Gerd could only get through a couple of hundred letters a week. A computer program can scan millions of emails in a second. The purpose is the same however. If reading peoples letters or emails uncover a criminal activity than that is a bonus. Criminals are generally too smart to communicate through these channels as anyone who has watched “The Wire” can testify. The real purpose is to find a hook to somebodies embarrassment. Infidelity and homosexuality are probably the most common means to this end. The spy agencies realise that the best way to get at terrorists is through a vast network of informants living in the communities in which the terrorists live. And the best way to recruit this network is to threaten to expose that which they will do anything to keep secret.
So we live in a society where our government are intent on finding out as many secrets about us as they can, so as to potentially use this against us in the future. If people believe that you have nothing to worry about if you’re not doing anything illegal, then they should ask the former citizens of East Germany. What better way to keep an eye on a suspected Islamic terrorist for example than to find out something embarrassing about the person who sits next to him at work or the lady who cleans his house and to recruit them as unpaid spies?
This may seem like Orwellian conspiracy theory but it’s been used in every society since biblical times. Judas after all was paid to spy on his mates when they were out having supper and a few beers.

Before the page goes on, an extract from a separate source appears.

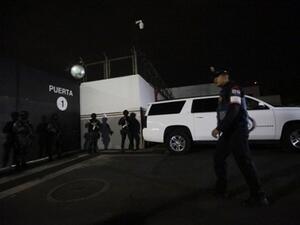 كتب على السيارة التي وجدت على الطريق السريع، "رسالة مخدرات"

Why people think that we live in benevolent times now and that “those sort of things couldn’t happen” is beyond me, particularly when technology affords our current masters the opportunity to do things that previous tyrants would have only dreamed about.

So when Edward Snowden disclosed that every email and text message in the world was being recorded on a giant database in the US, I wasn’t surprised. I’d always assumed they did this sort of thing anyway. I was actually surprised that it took so long to become public. I’ve always kept my name out of this blog but assumed that anyone with a modicum of technology skills could figure out my Google account or IP address. So the mention of “Islamic terrorist” and “conspiracy” in the same posting has probably triggered off an automatic search and the robotic descendent of Gerd is currently trawling through my Gmail. He’ll be sorely disappointed as it mainly consists of marketing spam from websites I have been foolish enough to put an email address into.

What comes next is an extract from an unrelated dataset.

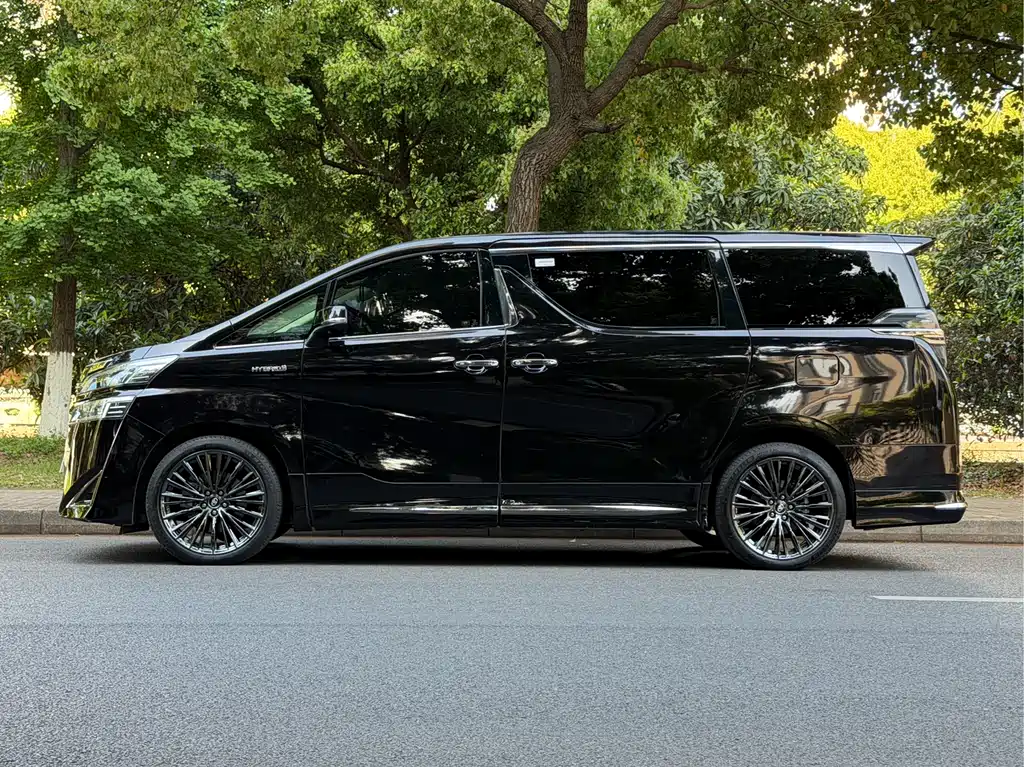Toyota Vellfire 2019 — фото 5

I did find it funny though that the recent news coverage of secret spying systems has centred on people passing through airports. Snowden was holed up in the transit area of Moscow airport for weeks. Dante would have mentioned airport transit areas in his circles of hell, had they existed at the time. The journalist who broke Snowden’s story (Glenn Greenwald) was also caught up in airport shenanigans when his partner was intercepted in Heathrow and detained for nine hours. It’s taken me nine hours to navigate the tunnels beneath Heathrow in the past, so I think he should count himself lucky that he had a chair for most of this time.
Airports have also spooked me, particularly since 9/11. If you want to see the full reach of the tentacles of state snooping, then visit your local terminal. I’ve had my iris photographed, my body scanned to the amusement of the queue behind me who got to see an outline of my Michelin man shape on the adjacent screen and my body patted down more intimately than an Amsterdam hooker.

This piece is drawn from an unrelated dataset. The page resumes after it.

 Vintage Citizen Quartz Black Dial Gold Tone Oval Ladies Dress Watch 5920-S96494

As a result, I’ve always felt uncomfortable passing though airports, even though I’ve never so much as smuggled an apple into New Zealand (a capital offense it must be pointed out). But I still get nervous every time I pass through immigration or security. Which is probably why I always get stopped by the random explosives check just after security scanning.
George Orwell said “I sometimes think that the price of liberty is not so much eternal vigilance as eternal dirt”. That might explain why the powers that be are intent on finding as much ‘dirt’ about us as possible and to maintain us in a world of fear and anxiety. If it is, then I think it is too high a price to pay. Gerd lived to see the wall come down. Will we ever experience the same release from tyranny?